Transcribe all records below exactly, without images.

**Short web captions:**
○ ○ ○

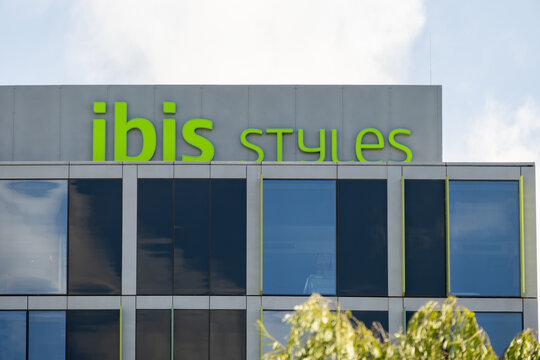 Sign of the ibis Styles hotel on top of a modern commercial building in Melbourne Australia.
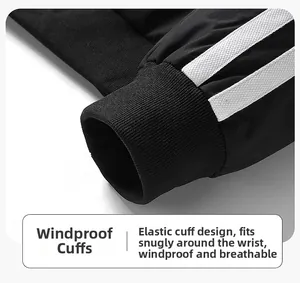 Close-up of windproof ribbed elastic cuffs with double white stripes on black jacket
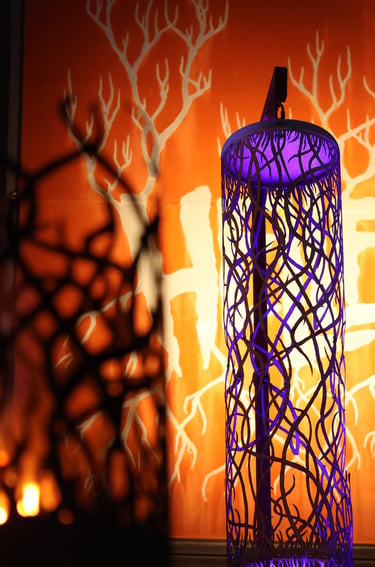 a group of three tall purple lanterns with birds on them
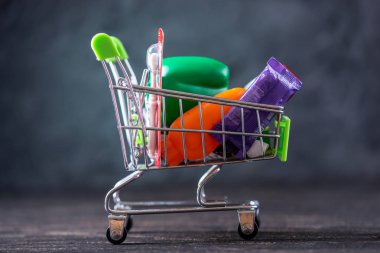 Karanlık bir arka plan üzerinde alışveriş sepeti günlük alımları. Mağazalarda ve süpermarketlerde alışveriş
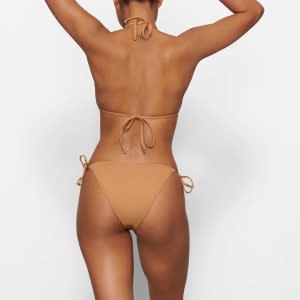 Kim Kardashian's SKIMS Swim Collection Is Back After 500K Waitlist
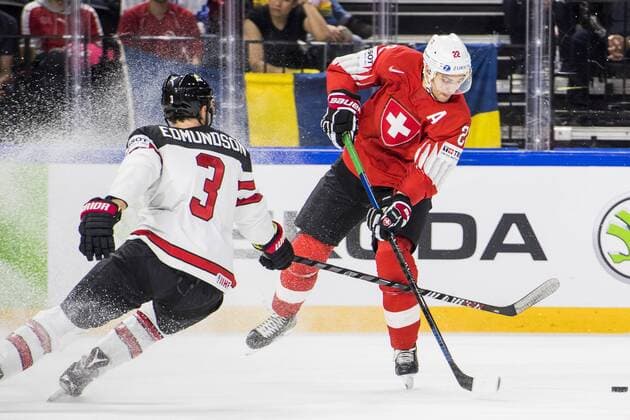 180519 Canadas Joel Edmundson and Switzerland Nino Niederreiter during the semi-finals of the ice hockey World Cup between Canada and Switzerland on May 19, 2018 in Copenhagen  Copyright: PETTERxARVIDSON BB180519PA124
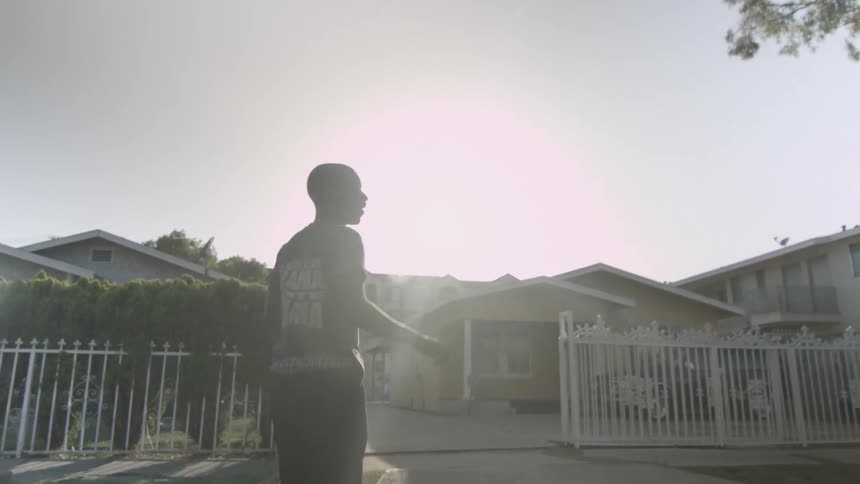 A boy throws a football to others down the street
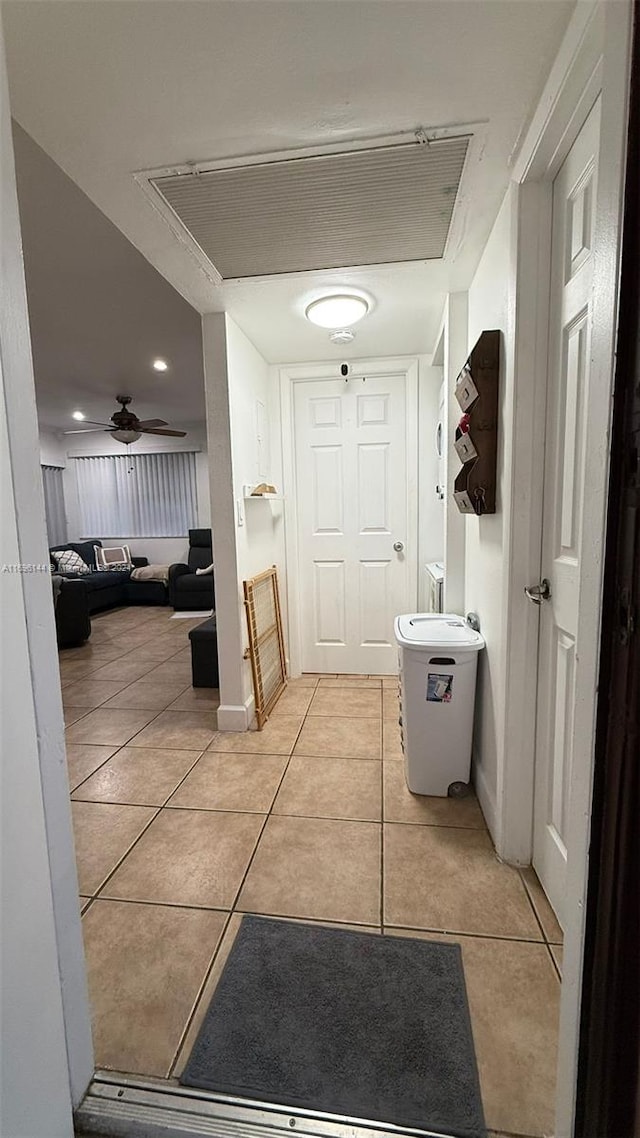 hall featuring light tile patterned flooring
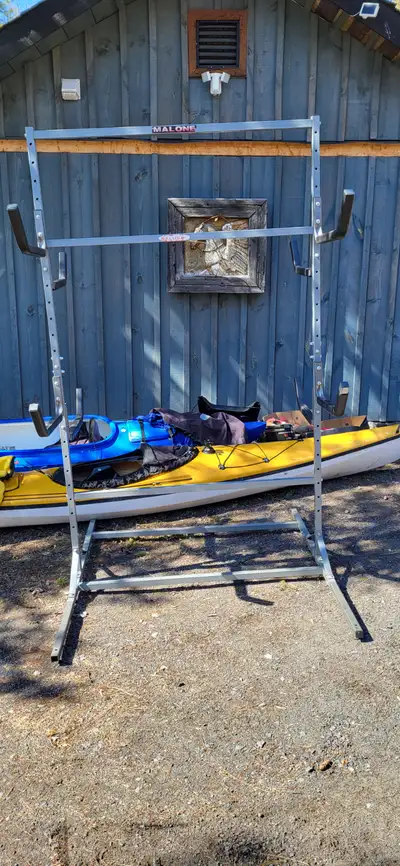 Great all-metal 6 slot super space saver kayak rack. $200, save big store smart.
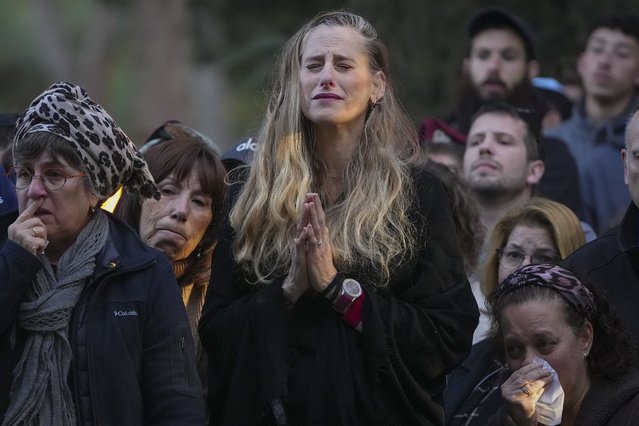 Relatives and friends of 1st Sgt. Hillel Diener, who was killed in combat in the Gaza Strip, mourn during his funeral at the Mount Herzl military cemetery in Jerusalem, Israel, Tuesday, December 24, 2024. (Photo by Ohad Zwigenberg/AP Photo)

○ ○ ○

**Answer:**
 Sign of the ibis Styles hotel on top of a modern commercial building in Melbourne Australia.
 Close-up of windproof ribbed elastic cuffs with double white stripes on black jacket
 a group of three tall purple lanterns with birds on them
 Karanlık bir arka plan üzerinde alışveriş sepeti günlük alımları. Mağazalarda ve süpermarketlerde alışveriş
 Kim Kardashian's SKIMS Swim Collection Is Back After 500K Waitlist
 180519 Canadas Joel Edmundson and Switzerland Nino Niederreiter during the semi-finals of the ice hockey World Cup between Canada and Switzerland on May 19, 2018 in Copenhagen  Copyright: PETTERxARVIDSON BB180519PA124
 A boy throws a football to others down the street
 hall featuring light tile patterned flooring
 Great all-metal 6 slot super space saver kayak rack. $200, save big store smart.
 Relatives and friends of 1st Sgt. Hillel Diener, who was killed in combat in the Gaza Strip, mourn during his funeral at the Mount Herzl military cemetery in Jerusalem, Israel, Tuesday, December 24, 2024. (Photo by Ohad Zwigenberg/AP Photo)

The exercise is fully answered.